Cobra II

I finally finished this book and I feel a little like former General Robert Scales, there is so much I find wrong with it that it might take a whole book to tell it. Victor Davis Hanson has also described some of the inadequacies of the book.

One of the real weaknesses of the book is that it is written like an appelate brief that ignores the adversaries arguments and worse their factual assertions.

One of the themes of the book is that the military was not provided enough troops and that interference from Rumsfeld caused the military to have a flawed plan. If that were the case, it would make sense to explain why every component commander on the Centcom staff confirmed to the President right before the war that they were satisfied with the plan and they had what they needed to win. These confirmations from many of the men were sources for the book. Were they being dishonest with the President or where they attempting to avoid responsibility when they talked to the author? Gordon and Trainer make one casual reference to the video conference but never address the way it refutes a central premise of the book. You can find a transcript of the conference in the Prolog to Tommy Franks' American Soldier. There is a brief excerpt from the transcript in this post.

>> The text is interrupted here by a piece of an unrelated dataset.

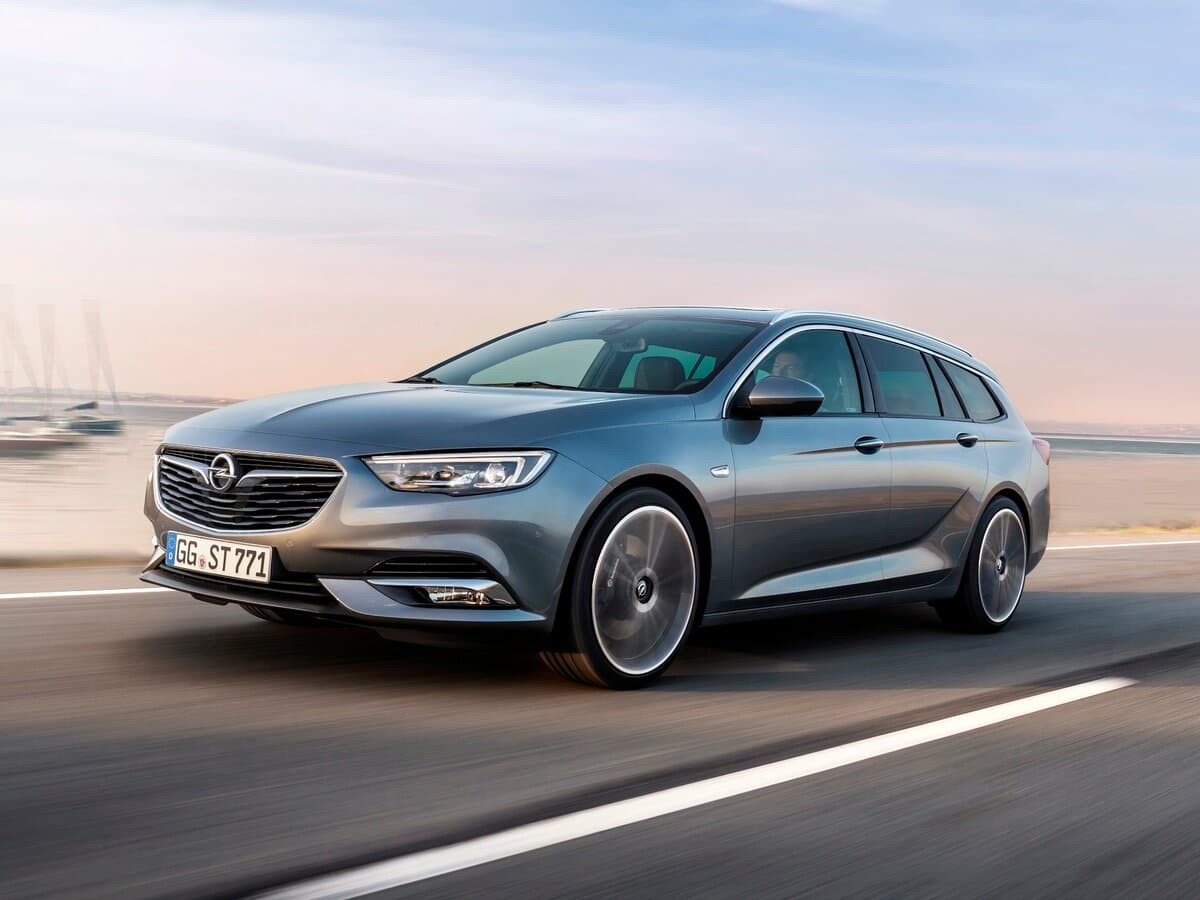 Opel Insignia II — Əsas şəkil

Another weakness is the argument about the importance of the Fedayeen. Gordon and Washington Post reporter Rick Atkinson wrote a neo quagmirest piece in their respestive papers about a comment made by General Scott Wallace when he said that the threat posed by the fedayeen was "a bit" different from what they had war gamed for. Note Wallace did not say that his troops could not handle them. In fact they were little more than a speed bump on the way to Baghdad as Franks described them.

In fact the Centcom staff and Franks came up with pretty good way of eliminating a large part of the Fedayeen on the way to Baghdad that Trainor and Gordon, again, do not even discuss. The intelligence analyst noticed that the Fedayeen would come back from their attacks and "puddle" around Baath Party headquaters or Iraqi intelligence offices in the towns along the route. Franks told the staff to bomb those buildings when the "puddles" were at their maximum. Reports on these attacks were usually limited to just saying that the building had been destroyed, because we did not want to tip the Fedayeen and let them know why we happened to bomb those building when we did. The authors never discuss this tactic of dealing with the enemy and write as if the Fedayeen survived to start the insurgency

The Fedayeen that did make up the insurgency was actually mostly in Anbar province where Saddam thought an attack from Jordon was imminent. Since they were not on the invasion route they never got the puddling treatment.

Another element of the Fedayeen treatment that the authors do not explore is the fact that they were virtually all foreign terrorist hired and trained by Saddam and his sons. While critics of the war have argued that there were no terrorist in the country before the war, the evidence is clear that Saddam had broungt them in by the thousands to terrorize the Shia in the south as well as his other internal enemies.

The criticisms in the book also contain internal contradictions. At the same time they criticize the Bush administration for a plan to rely on Iraqi police in the post war phase, they also criticize them for not relying on Saddam's army which ran away. They do not really explain why the army that ran away would have been more reliable than the police. The unfortunate fact is that neither was reliable

Another internal contradiction involves the argument for more troops in the post war phase versus not wanting to act like an occupying power. While my own belief is that it is better to be an occupying power than to have to pay for the same real estate more than once, the authors spend way too much time talking about the Bush administrations aversion to nation building in Bosnia and never address the central point on post war troop levels--The Centcom commander got all the troops he requested.

They never really address Gen. Abizaids small foot print philosophy, which he also used in Afghanistan without the same caterwalling. Perhaps Gen. Abizaid would not talk with them for the book, but he gave testimony on several occassions to Congress where he explained it and said in sworn testimony that he did not need additional troops. While he has taken responsibility for troop levels critics like the authors, continue to blame Secretary Rumsfeld. I think Rumsfeld was also a small foot print guy so he was not conflicted by Abizaids troop request, but both Rumsfeld and the President have said that if the commanders wanted more troops they would be sent. The authors provide no evidence to refute those statements.

At one point in the book the authors talk about how intelligece failures caused troops to be surprised on occassion by the appearance of Iraqi forces, but then a few paragraphs later reveal that our troops dispatched the Iraqis with minimal casualties. There is a recurring theme of describing the battles as desperate only to reveal a small number of casualties as the US prevailed. Perhaps that is a metaphor for this book.

These are some examples of problems I find with the book. Perhaps Bob Scales will write a better history of the war. Tommy Franks led our troops to victory in two wars in a very short period of time and his work deserves a better treatment than it gets in this book.